Exercise directions » Character for character, transcribe the entries below, minus the images.

Record excerpts »
-- -- --
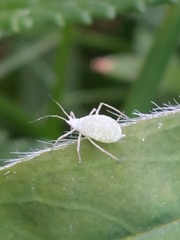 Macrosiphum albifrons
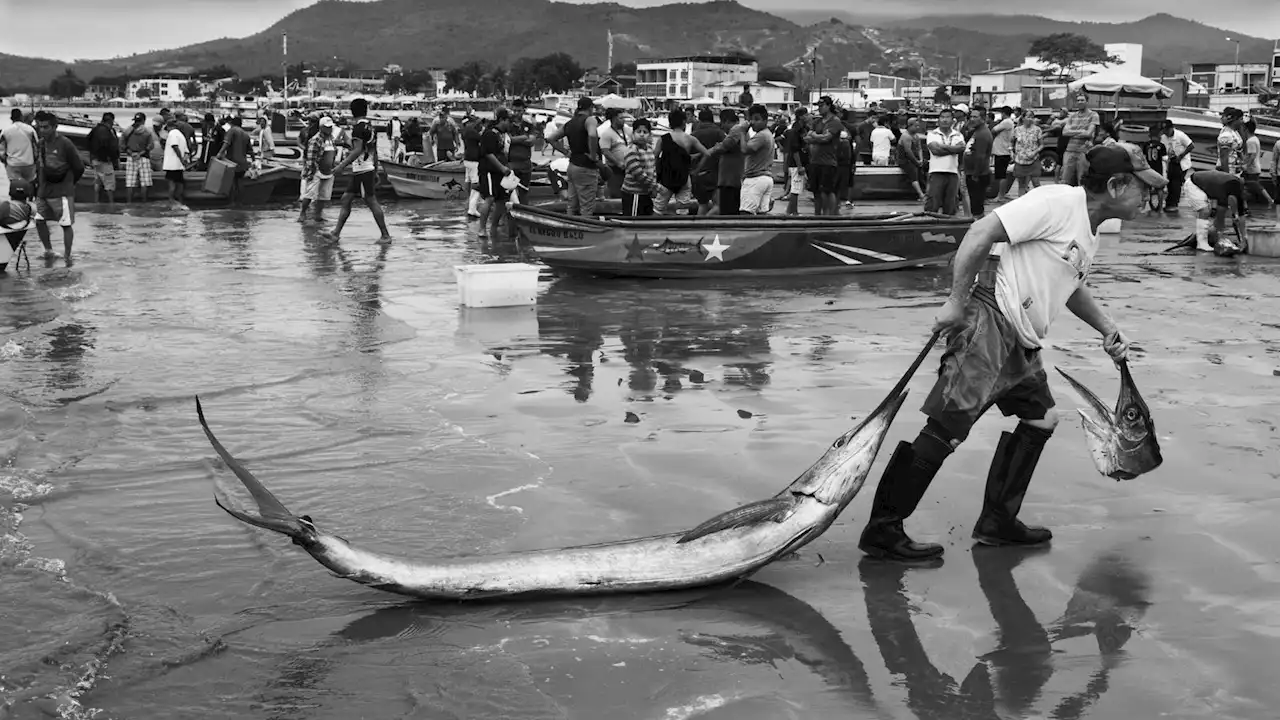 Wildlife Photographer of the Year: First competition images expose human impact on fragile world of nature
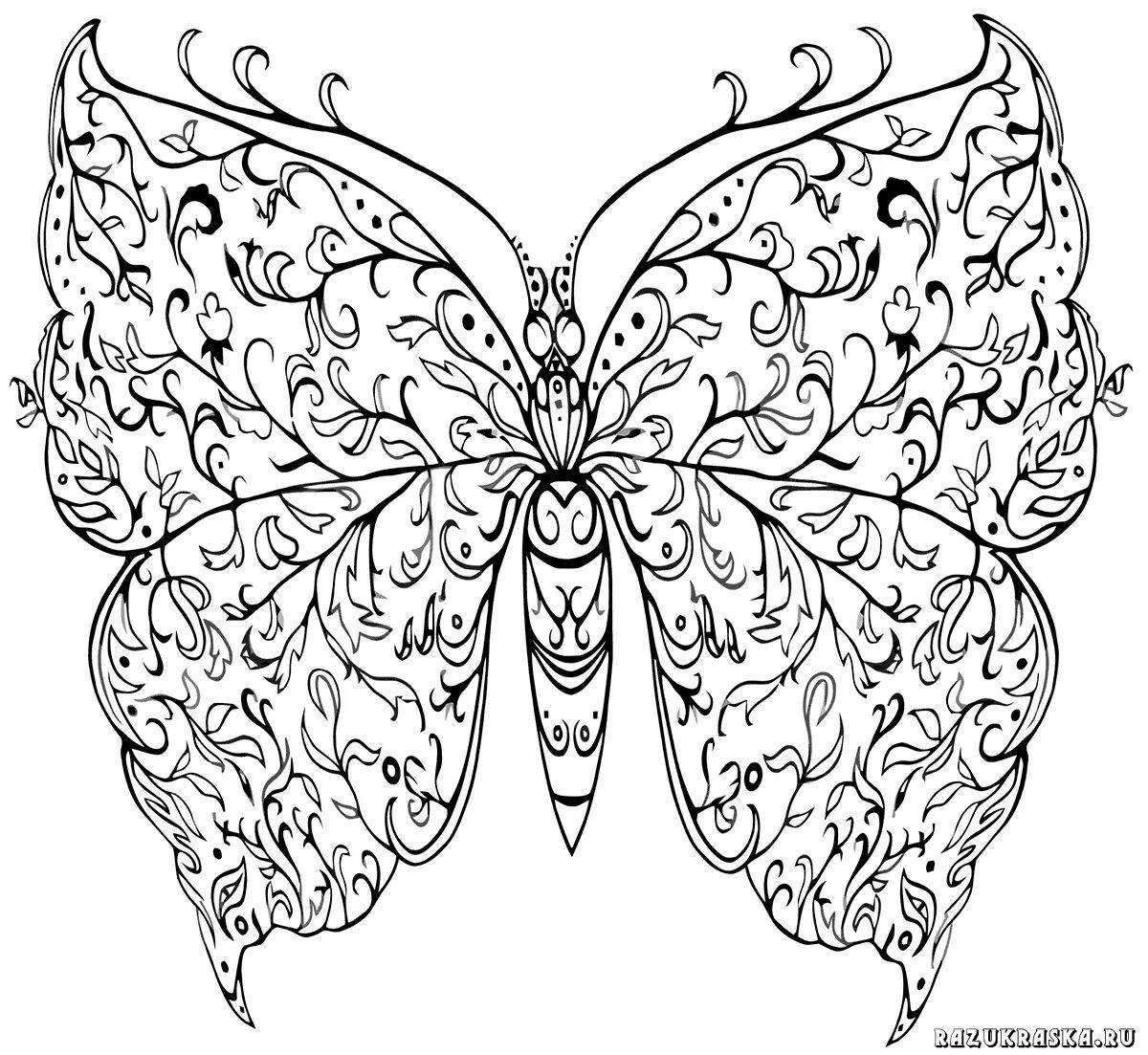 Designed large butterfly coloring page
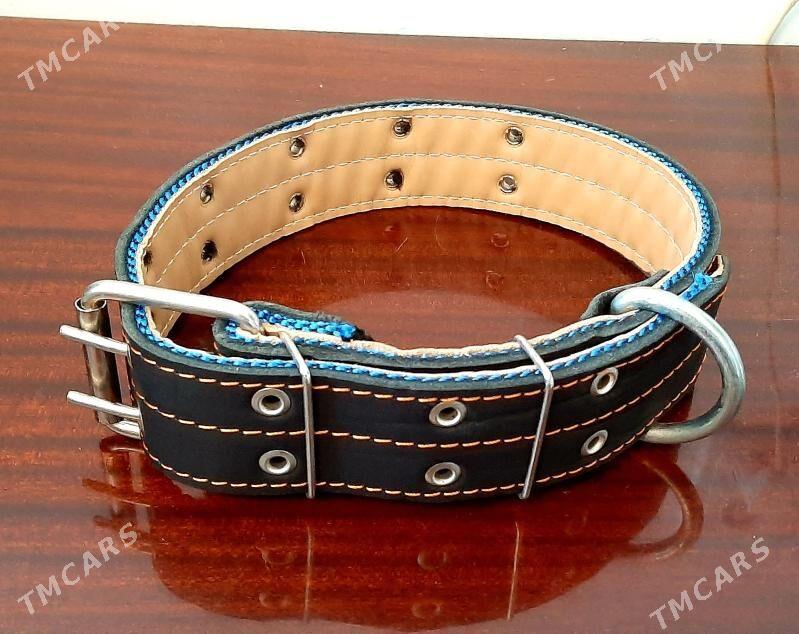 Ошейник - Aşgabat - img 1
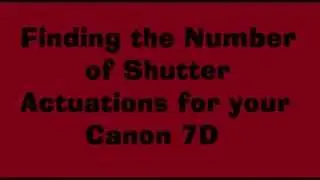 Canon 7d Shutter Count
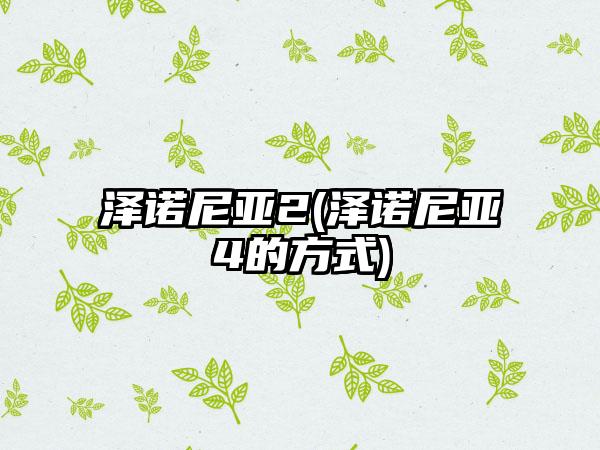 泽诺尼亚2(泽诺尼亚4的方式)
-- -- --
Exercise solution »
 Macrosiphum albifrons
 Wildlife Photographer of the Year: First competition images expose human impact on fragile world of nature
 Designed large butterfly coloring page
 Ошейник - Aşgabat - img 1
 Canon 7d Shutter Count
 泽诺尼亚2(泽诺尼亚4的方式)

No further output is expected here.